American Literature to 1860

Spring 2003

 

 

For this discussion round, there are two start-off questions.  Choose one and run with it.  Please feel free, however, to take discussion in any direction you wish.  If you wish to begin a thread, identify it in the subject header with ‘QUESTION’ and one of the course instructors will rush in shortly to enter the fray of debate.

 

            This round will close tomorrow, March 26, at 5pm, when new questions will be posted in new conferences.

 

1.         We have studied a series of Puritan texts in this course.  Can you trace specific elements of Puritanism in The Scarlet Letter by comparing actual Puritan characters with the novel’s fictional characters (e.g.

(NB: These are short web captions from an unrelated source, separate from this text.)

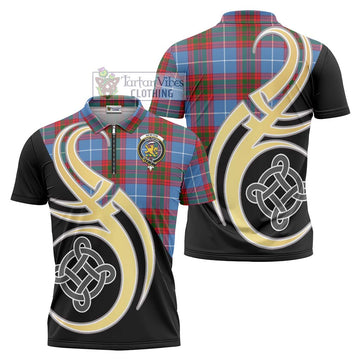 Newton Tartan Zipper Polo Shirt with Family Crest and Celtic Symbol Style Unisex - Tartan Vibes Clothing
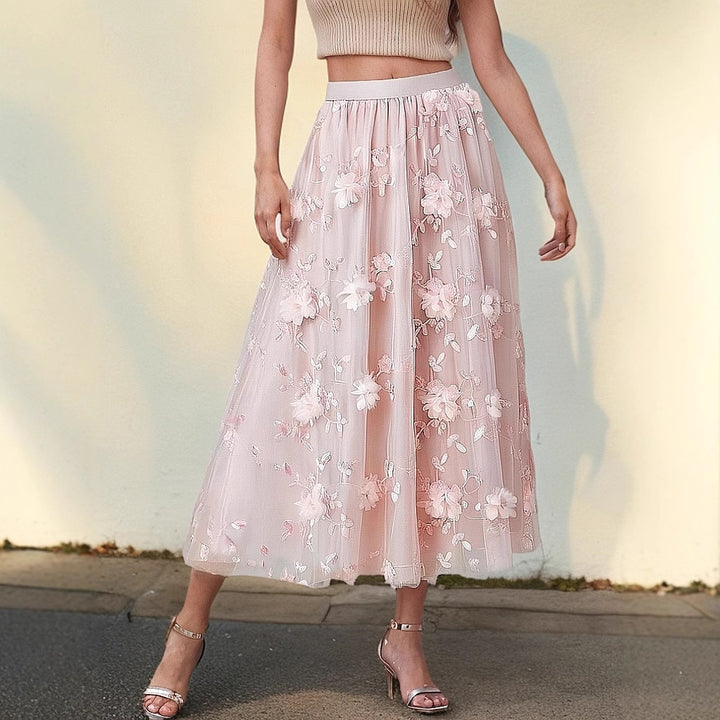Damen Eleganter Tüllrock mit floralen Stickereien und elastischem Bund Drune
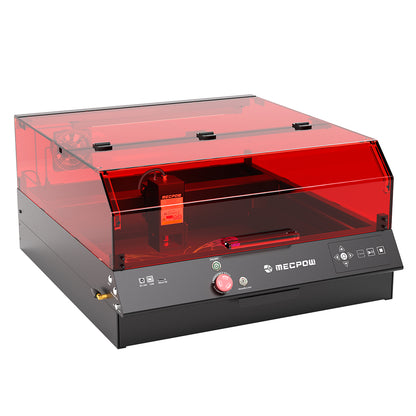Mecpow X4 Pro 22W FDA Class 1 Laser Engraving Machine, Built-in Camera, 22000mm/min Speed, 0.08x0.1mm Laser Spot, Emergency Stop, Offline Work, Protective Cover &amp; Integrated Air Assist, Support LightBurn/ LaserGRBL/ MKSLaser, 410*400mm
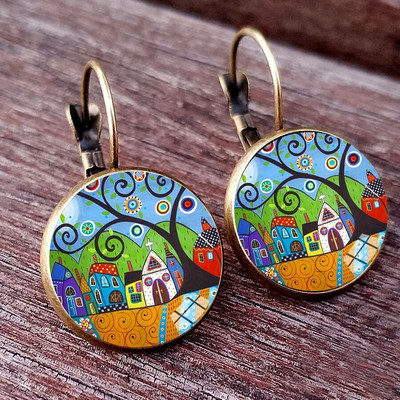 Novi dolazak, šarena kuća i stablo, ženske naušnice s klinovima, apstraktna uljana slika, staklene kabochon, ženske naušnice, nakit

Anne Bradstreet/Hester Prynne, Edward Taylor/Arthur Dimmesdale, or Jonathan Edwards with the novel’s concept of a minister)?  Indeed, how might Hawthorne himself be compared or contrasted with Jonathan Edwards?

 

2.         Hester Prynne states, rather famously,  “What we did had a consecration of its own.”  Such a statement might be construed either as romantic individualism or as a Paine-esque declaration of personal freedom.  And yet, while appreciating these possibilities, Hawthorne also writes a novel that appears to critique uninhibited personal liberty as much as he does a constrictive and hypocritical Puritan society.  While we may view Hester Prynne as courageous, self-effacing and caring, Hawthorne does not write a novel that condones adultery.  Because the law has been violated, censure finds expression alongside compassion.  How do you think Hawthorne handles this balance between individualism and social law?  Should he have written it differently?